Thu Nov 23 2023

Social isolation, loneliness, and inflammation: A multi-cohort investigation in early and mid-adulthood

Background: A meta-analysis reveals a 25–30% increased risk of mortality associated with social isolation, loneliness, and living alone (Holt-Lunstad et al., 2015). According to Cacioppo et al. (2006), loneliness, a negative emotional state stemming from perceived social relationship deficiencies, may adaptively respond to social disconnection, preparing individuals for unsafe environments without family and friends’ support. This hypothesis posits that loneliness could alter immune functioning, potentially boosting an individual’s infection-fighting capacity following injury.

Methods: The study involved three cohorts: TRIAGE, Dunedin, and Environmental Risk Longitudinal Twin. Researchers assessed social isolation and loneliness via factors such as living alone and childhood isolation. They measured inflammation using markers like CRP, IL-6, and suPAR, which indicate systemic inflammation.

Results: The study answered 4 questions:

  • Is living alone associated with inflammation in acutely admitted medical patients?

In the TRIAGE Study, acutely admitted medical patients who were living alone had significantly higher median levels of CRP (5.8 mg/L vs. 4.8 mg/L), IL-6 (9.3 pg/mL vs. 7.3 pg/mL), and suPAR (5.2 ng/mL vs. 4.2 ng/mL) compared with patients who were not living by themselves.

  • Is childhood social isolation longitudinally associated with inflammation in adulthood?

Participants who had experienced childhood social isolation or age-38 loneliness had higher CRP, IL-6, and suPAR at age 45, after controlling for sex (and age by design).

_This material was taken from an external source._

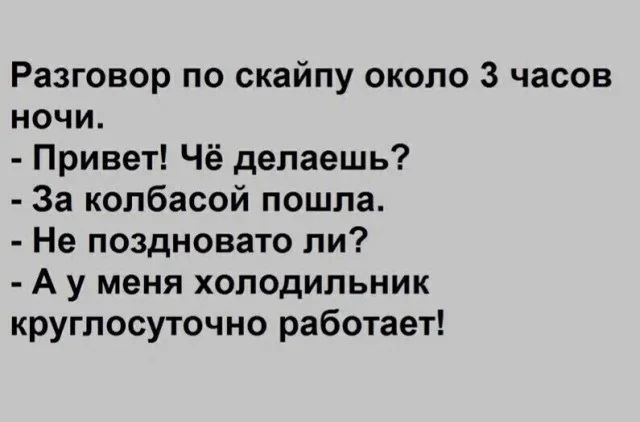 Разговор по скайпу около 3 часов ночи.
- Привет! Чё делаешь?
- За колбасой пошла.
- Не поздновато ли?
- А у меня холодильник круглосуточно работает!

The associations between childhood social isolation or age-38 loneliness with elevated age-45 suPAR held after controlling for childhood SES, and age-45 BMI, smoking, concurrent depression, and anti-inflammatory medication. In contrast to suPAR, childhood social isolation or age-38 loneliness were not significantly associated with age-45 CRP or IL-6 levels when controlling for age-45 BMI and smoking or further for additional covariates.

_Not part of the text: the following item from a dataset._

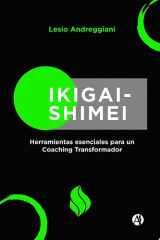 IKIGAI-SHIMEI Herramientas esenciales para un Coaching Transformador cover image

  • Is adult loneliness cross-sectionally associated with inflammation?

After controlling for sex, participants who were lonelier at age 45 had higher suPAR levels at age 45, but not CRP or IL-6. The association with suPAR remained significant after controlling for childhood SES, and age-45 BMI, smoking, and concurrent depression. Further controlling for use of anti-inflammatory medication did not change any of the results.

  • Do social isolation and loneliness have a multiplicative effect?

No significant social isolation × loneliness interactions were observed for the three inflammation markers, in either the Dunedin or the E-Risk samples.

Conclusions

This study explored how social isolation and loneliness affect inflammation across different age groups and cohorts. Findings show a stronger link between social isolation and inflammation than loneliness. Childhood social isolation’s impact on inflammation becomes clearer in mid-adulthood. The study suggests suPAR as a reliable indicator of inflammation due to social isolation.